Instrumental Actualization

Instrumental actualization is first and foremost an approach to journalists’ news selection. The notion was formulated by Hans Mathias Kepplinger to explain the effect of journalists’ (political) opinions on news content. As an approach to news selection, instrumental actualization continues and complements approaches such as gatekeeping, news factors, and news values.

The theory of instrumental actualization makes four basic assumptions. First, it assumes that journalists hold opinions, share values, and advocate positions. Second, it holds that all (or most) events have inherent in them a political or conflict-related valence.
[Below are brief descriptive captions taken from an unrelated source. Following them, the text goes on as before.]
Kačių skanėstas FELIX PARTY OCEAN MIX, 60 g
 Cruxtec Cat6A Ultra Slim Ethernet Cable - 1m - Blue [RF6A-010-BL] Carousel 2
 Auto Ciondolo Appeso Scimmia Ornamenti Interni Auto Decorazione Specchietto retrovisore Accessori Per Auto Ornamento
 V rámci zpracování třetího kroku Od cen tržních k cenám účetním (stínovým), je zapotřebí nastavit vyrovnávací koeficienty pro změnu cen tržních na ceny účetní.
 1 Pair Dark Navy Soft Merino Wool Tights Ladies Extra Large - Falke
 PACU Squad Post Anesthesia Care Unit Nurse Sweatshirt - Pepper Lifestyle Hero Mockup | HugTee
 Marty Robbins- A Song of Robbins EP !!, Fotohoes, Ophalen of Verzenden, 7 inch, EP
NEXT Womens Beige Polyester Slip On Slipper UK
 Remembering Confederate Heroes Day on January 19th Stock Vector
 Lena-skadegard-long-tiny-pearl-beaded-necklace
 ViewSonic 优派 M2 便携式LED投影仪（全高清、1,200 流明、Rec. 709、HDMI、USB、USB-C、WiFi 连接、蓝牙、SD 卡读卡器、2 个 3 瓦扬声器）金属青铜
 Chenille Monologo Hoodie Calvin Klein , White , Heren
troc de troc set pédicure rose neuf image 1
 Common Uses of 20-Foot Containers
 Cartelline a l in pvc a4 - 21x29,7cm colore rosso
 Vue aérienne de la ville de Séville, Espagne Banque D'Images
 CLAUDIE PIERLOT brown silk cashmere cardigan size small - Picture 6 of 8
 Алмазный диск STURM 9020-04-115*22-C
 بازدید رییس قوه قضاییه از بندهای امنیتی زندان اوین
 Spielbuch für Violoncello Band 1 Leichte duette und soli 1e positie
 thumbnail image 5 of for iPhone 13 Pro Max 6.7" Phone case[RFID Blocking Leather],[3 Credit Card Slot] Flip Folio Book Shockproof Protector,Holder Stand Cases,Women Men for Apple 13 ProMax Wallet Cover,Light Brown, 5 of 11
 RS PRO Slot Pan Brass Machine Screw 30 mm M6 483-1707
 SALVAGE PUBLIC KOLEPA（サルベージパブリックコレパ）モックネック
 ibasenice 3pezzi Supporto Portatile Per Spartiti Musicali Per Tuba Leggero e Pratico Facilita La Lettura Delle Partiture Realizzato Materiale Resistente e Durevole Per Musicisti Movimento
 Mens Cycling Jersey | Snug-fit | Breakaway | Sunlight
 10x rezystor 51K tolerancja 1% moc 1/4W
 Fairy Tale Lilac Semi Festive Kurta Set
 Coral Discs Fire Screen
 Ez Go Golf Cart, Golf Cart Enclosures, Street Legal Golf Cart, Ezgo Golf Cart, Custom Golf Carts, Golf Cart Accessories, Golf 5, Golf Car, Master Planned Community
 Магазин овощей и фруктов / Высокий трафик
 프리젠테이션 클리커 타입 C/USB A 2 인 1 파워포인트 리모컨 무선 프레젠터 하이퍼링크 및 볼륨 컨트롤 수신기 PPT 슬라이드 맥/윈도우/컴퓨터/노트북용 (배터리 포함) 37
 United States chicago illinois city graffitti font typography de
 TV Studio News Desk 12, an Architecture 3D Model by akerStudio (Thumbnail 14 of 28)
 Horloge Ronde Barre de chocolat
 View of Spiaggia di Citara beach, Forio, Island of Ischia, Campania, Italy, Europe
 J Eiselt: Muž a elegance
That is to say, they are helpful for one side of a political issue, and bad for the other. For example, a news story on the failure of an educational program issued by an administration would provide the critics of this administration with arguments and be considered a challenge for its supporters. In other words, the central object of a conflict is linked to any number of events that have different instrumental qualities related (objectively or subjectively) to the central object. Thus, the instrumental quality of a news story is to be distinguished from its evaluation. Third, consciously or (much more often) subconsciously, journalists will ascribe a higher news value to stories that support their worldviews and conflict positions. According to the fourth assumption, the differential news values will show in the journalists’ news selection.

The approach explains bias in the news on different levels: the individual journalist’s news selection, the selection decisions of a particular medium (if the journalists employed there share certain worldviews), and even the new content of a whole media system (if worldviews are not distributed evenly among a country’s news journalists). Rejecting the separation of news and commentary, this approach holds that the opinions of a newspaper’s writers will affect its news selection.

The development of the approach was inspired by Klaus Schönbach’s (1977) work on the synchronization of news and commentary. Other inspiration came from consistency theories, especially Milton Rosenberg’s (1956) variant, from earlier work on how the news media covered political conflicts, and from work on the effects of journalists’ opinions on media content.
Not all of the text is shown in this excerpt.